Selama ini, eksportir dari unit pengolahan ikan telah mengikuti protokol kesehatan yang diminta pemerintah dan panduan teknis Organisasi Kesehatan Dunia (WHO). Eksportir siap mengikuti permintaan China terkait syarat transparansi asal-usul produk. Persyaratan ketertelusuran produk dinilai serupa dengan persyaratan ekspor dari pasar Uni Eropa dan Amerika Serikat, sebagai negara-negara tujuan utama ekspor perikanan Indonesia.
Eksportir siap mengikuti permintaan China terkait syarat transparansi asal-usul produk.
Akan tetapi, persyaratan uji Covid-19 terhadap nelayan, pembudidaya, dan pekerja pabrik pengolahan ikan diharapkan dapat diperingan melalui upaya diplomasi pemerintah. AP5I akan berkoordinasi dengan Badan Karantina Ikan, Pengendalian Mutu, dan Keamanan Hasil Perikanan Kementerian Kelautan dan Perikanan (BKIPM-KKP).
”Kami akan menanyakan lebih detail tentang uji Covid-19 agar tidak memberatkan bagi kami,” ujarnya dalam Konferensi Pers Musyawarah Nasional AP5I, Sabtu (5/12/2020).
Direktur Jenderal Penguatan Daya Saing KKP Artati Widiarti mengatakan, persyaratan dari negara tujuan ekspor semakin ketat. Persyaratan terkait keberlanjutan, ketertelusuran produk, dan sertifikasi semakin menguat. ”Pekerjaan rumah bagi kita untuk mengintegrasikan (proses) hulu-hilir secara transparan dan tercatat,” katanya.

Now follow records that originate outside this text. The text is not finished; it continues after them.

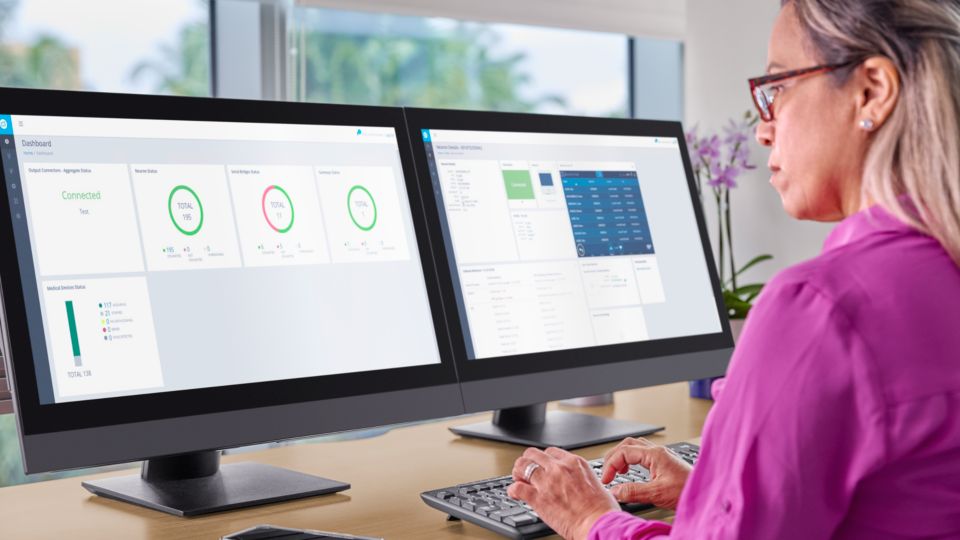 Female clinician reviewing MDIP Dashboard and Neuron CX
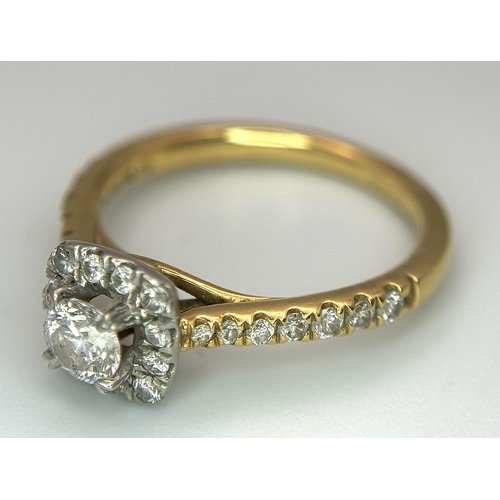 449 - An 18K Yellow Gold, Platinum and 0.5ctw Diamond Ring. Brilliant round cut central diamond with diamo... 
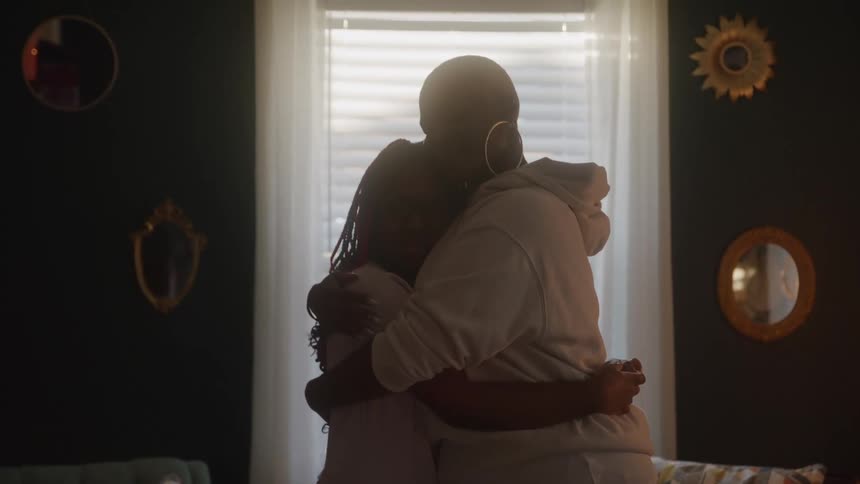 Mother and daughter hugging each other while standing in a living room during daytime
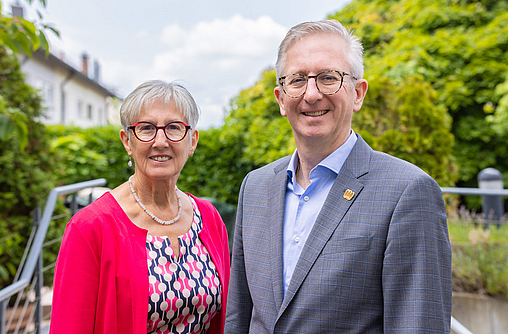 Die Verwaltungsratsvorsitzenden der mhplus, Christine Wagner und Christian Ottenbacher, stehen nebeneinander auf einer Treppe mit Bäumen im Hintergrund. 
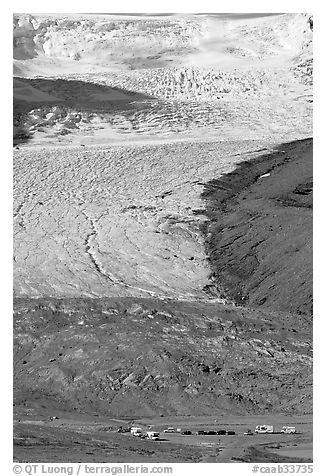 Parking lot dwarfed by Athabasca Glacier. Jasper National Park, Canadian Rockies, Alberta, Canada (black and white)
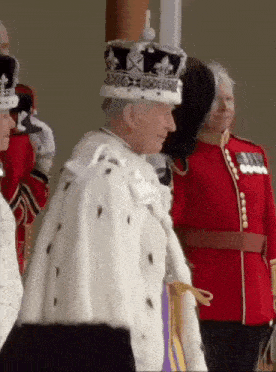 a man wearing a crown and a fur coat is standing in front of a group of people in uniform .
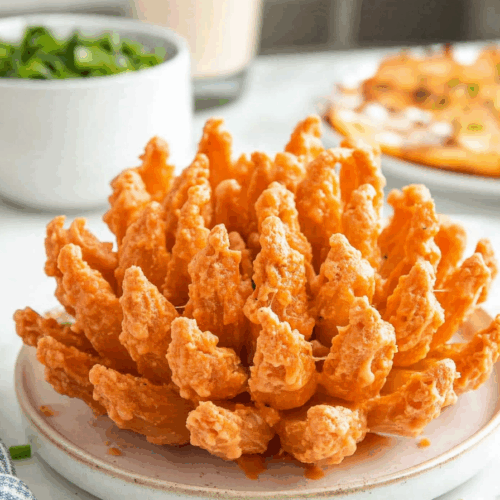 Crispy, golden-fried appetizer with a layered, petal-like presentation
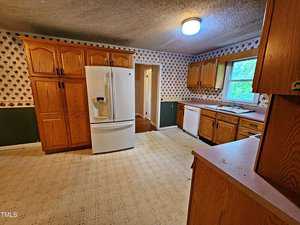 A kitchen with wooden cabinets and patterned wallpaper. There's a white refrigerator, a dishwasher, and a counter with a window above it. The floor is covered with light-colored linoleum, and a ceiling light illuminates the space.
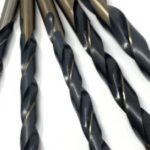 Five larger black twist drill bits fan across a white background, showing different diameters and sharp cutting tips.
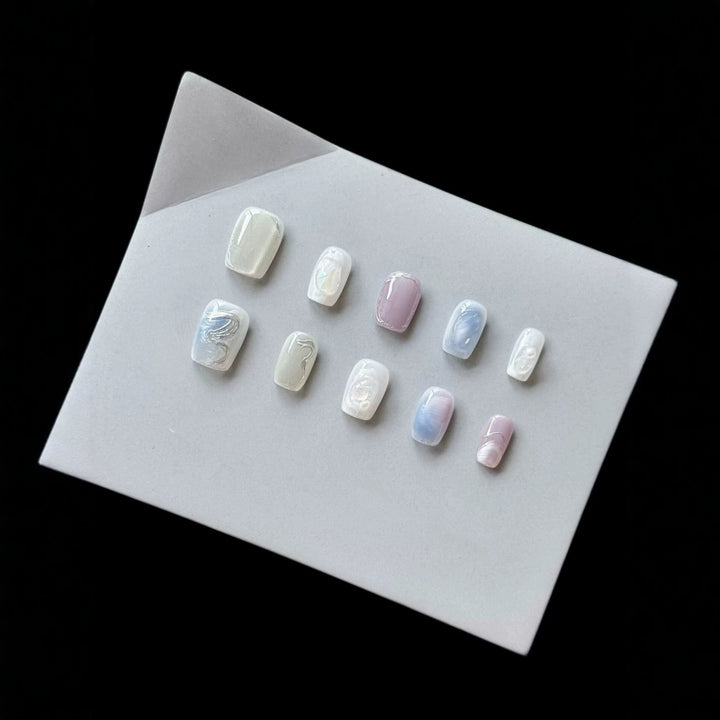 Artistic Press-On Nail Art Set with Pearlescent and Marble Designs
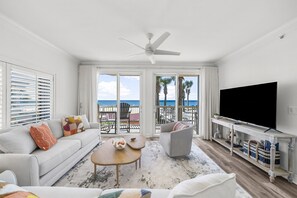 Living Room – A bright and spacious living area with cozy seating, a large flat-screen TV, and floor-to-ceiling windows offering stunning ocean views.
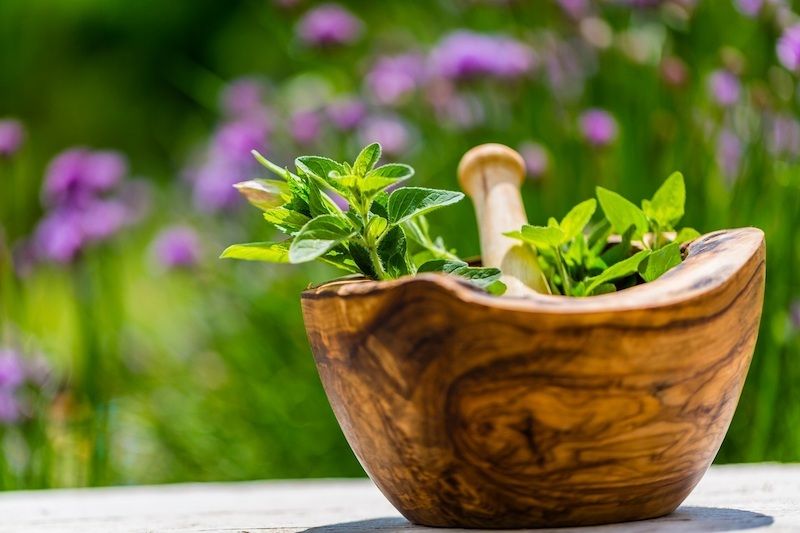 Ein hölzerner Mörser mit frischen Kräutern im Freien, umgeben von unscharfen lila Blumen im Hintergrund.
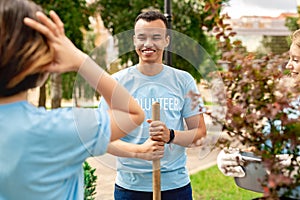 Volunteering. Young people volunteers standing outdoors boy close-up with shovel smiling cheerful planting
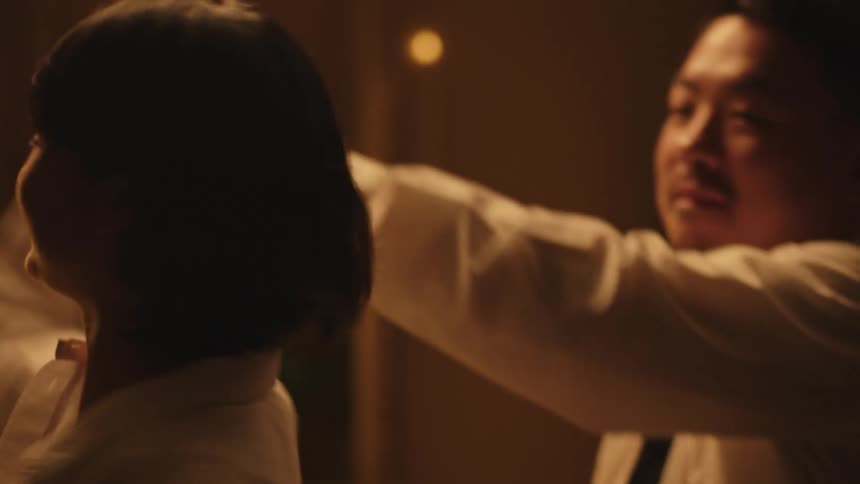 A couple is seen laughing and joyfully dancing together in a dimly lit room with the man twirling the woman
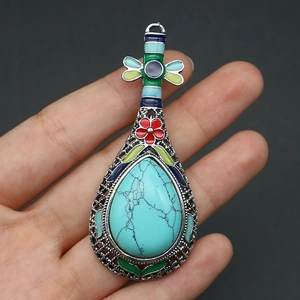 Macro d'un pendentif luth argenté avec pierre turquoise et détails d'incrustation en émail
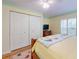 Bright bedroom with a white closet, a wooden bed frame, and warm yellow paint at 808 E 19Th Ave, New Smyrna Beach, FL 32169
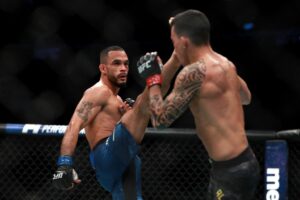 Rob Font kicks against Thomas Almeida in their Bantamweight fight during UFC 220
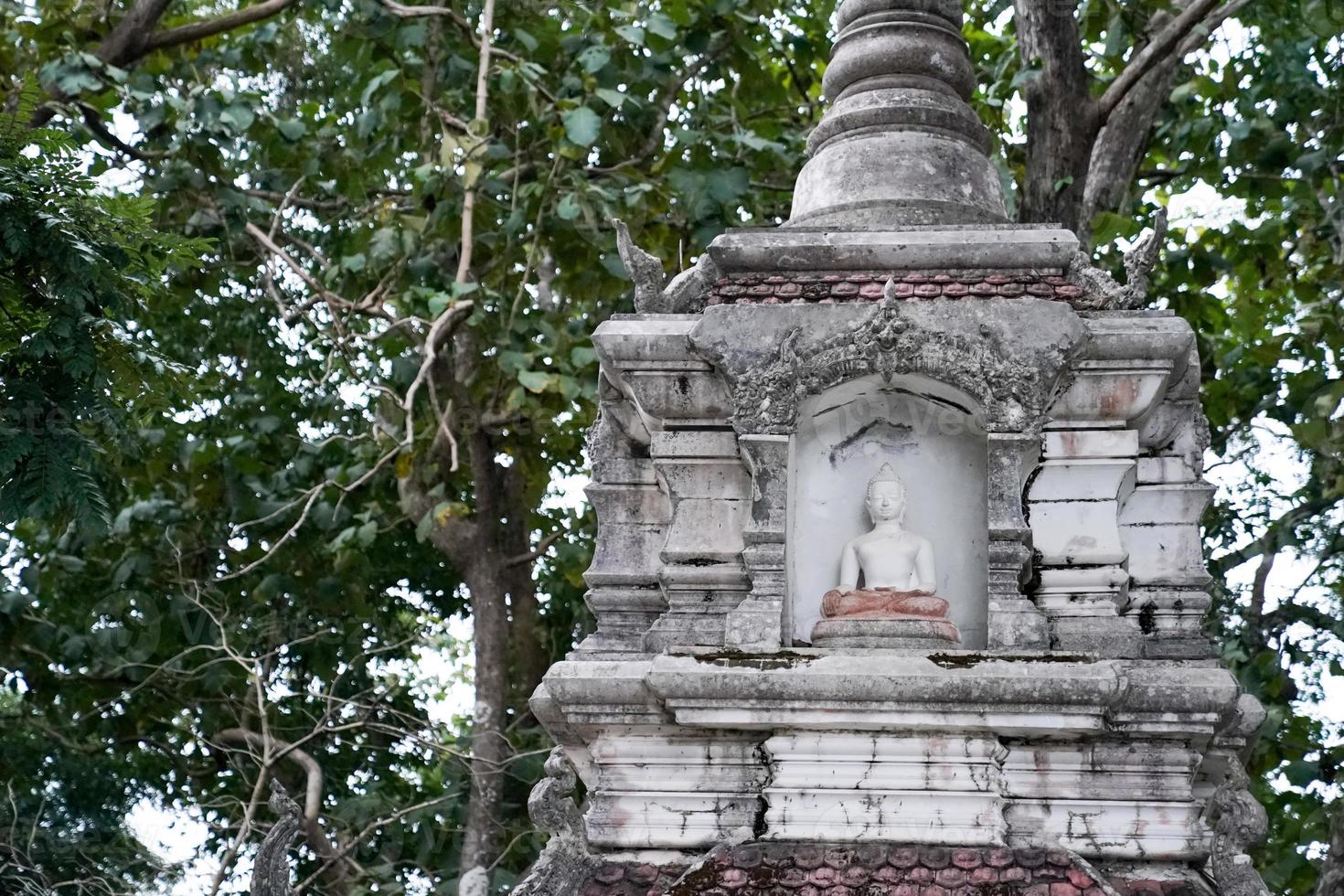 Great white Buddha statue with old background wall. photo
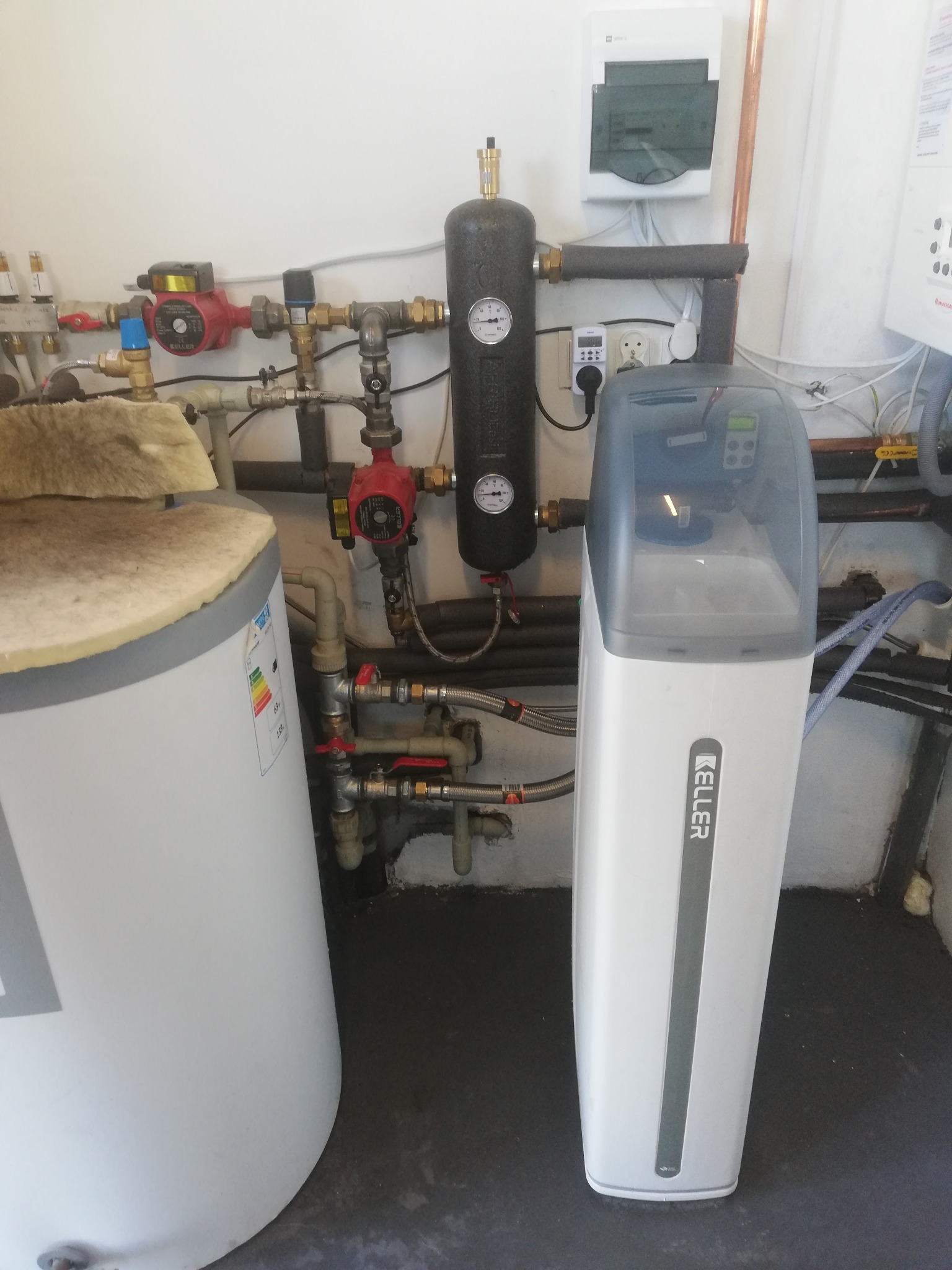 Centrala uzdatniania wody marki Keller obok zasobnika ciepłej wody z izolacją, widoczne rury, zawory, manometry i pompy obiegowe.
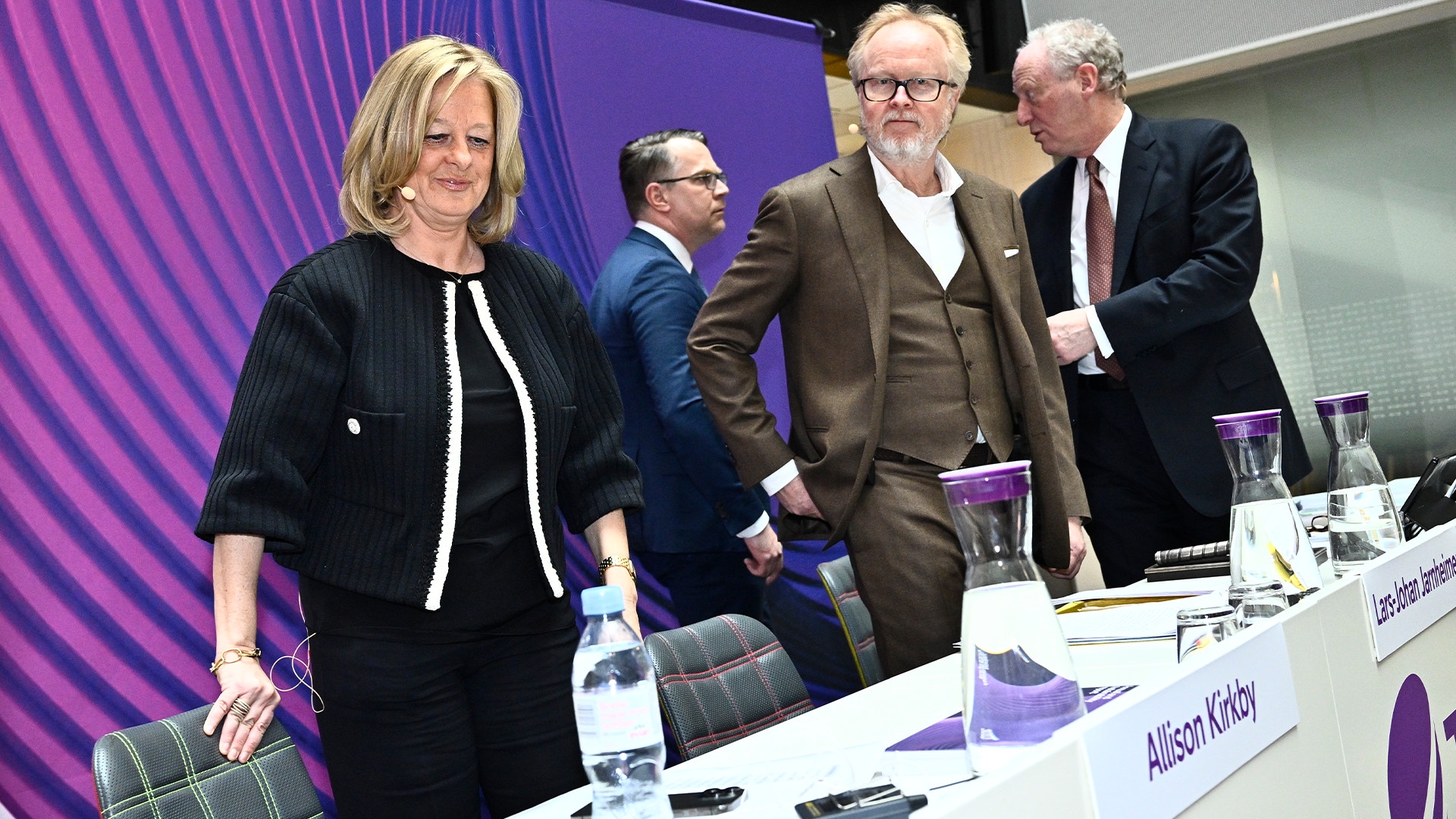 Fem personer i affärskläder står vid ett bord under en konferens eller paneldiskussion. En lila bakgrund med vertikala streck syns bakom dem.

Ia menilai, langkah China mempersoalkan temuan kontaminasi virus korona tipe baru pada produk dan kemasan perikanan dinilai berlebihan oleh sebagian negara. Sebab, otoritas China belum transparan mengenai metode pengujian Covid-19 yang diterapkan.
Persyaratan terkait keberlanjutan, ketertelusuran produk, dan sertifikasi semakin menguat.
China menempati peringkat teratas tujuan ekspor perikanan Indonesia dari sisi volume. Pada Januari-Oktober 2020, ekspor produk perikanan RI ke China sebanyak 346.960 ton dan Amerika Serikat (AS) 196.820 ton. Adapun dari sisi nilai, AS ada di peringkat teratas tujuan ekspor perikanan RI dengan nilai 1,72 miliar dollar AS, disusul China 675,39 juta dollar AS, dan Jepang 501,53 juta dollar AS.
Perluasan pasar
Pada akhir 2020, nilai ekspor perikanan Indonesia ditargetkan 5,3 miliar dollar AS. Sampai dengan Oktober, realisasi ekspor perikanan 4,2 miliar dollar AS. Strategi peningkatan ekspor antara lain memperbaiki kendala dalam negeri, meningkatkan diplomasi, dan akses pasar ke luar negeri.
Artati menambahkan, diperlukan upaya mendorong pasar-pasar alternatif yang potensial untuk memperkuat ekspor perikanan Indonesia. ”Tantangan kita adalah mencari pasar-pasar lain yang lebih kompetitif dan menguntungkan kita semua,” katanya.
Deputi Bidang Koordinasi Sumber Daya Maritim Kementerian Koordinator Kemaritiman dan Investasi Safri Burhanuddin mengemukakan, Indonesia perlu membuka pasar ekspor baru agar tidak bergantung pada pasar utama. Timur Tengah dan Afrika dinilai potensial untuk memperluas pasar.
”Diperlukan diplomasi perdagangan dengan negara tujuan ekspor dan membuka pasar ekspor baru di negara-negara yang belum menjadi pasar luar negeri. Oleh karena itu, perlu kerja sama promosi dan intelijen pemasaran dengan instansi pemerintah dan non-pemerintah di dalam negeri dan luar negeri,” tuturnya.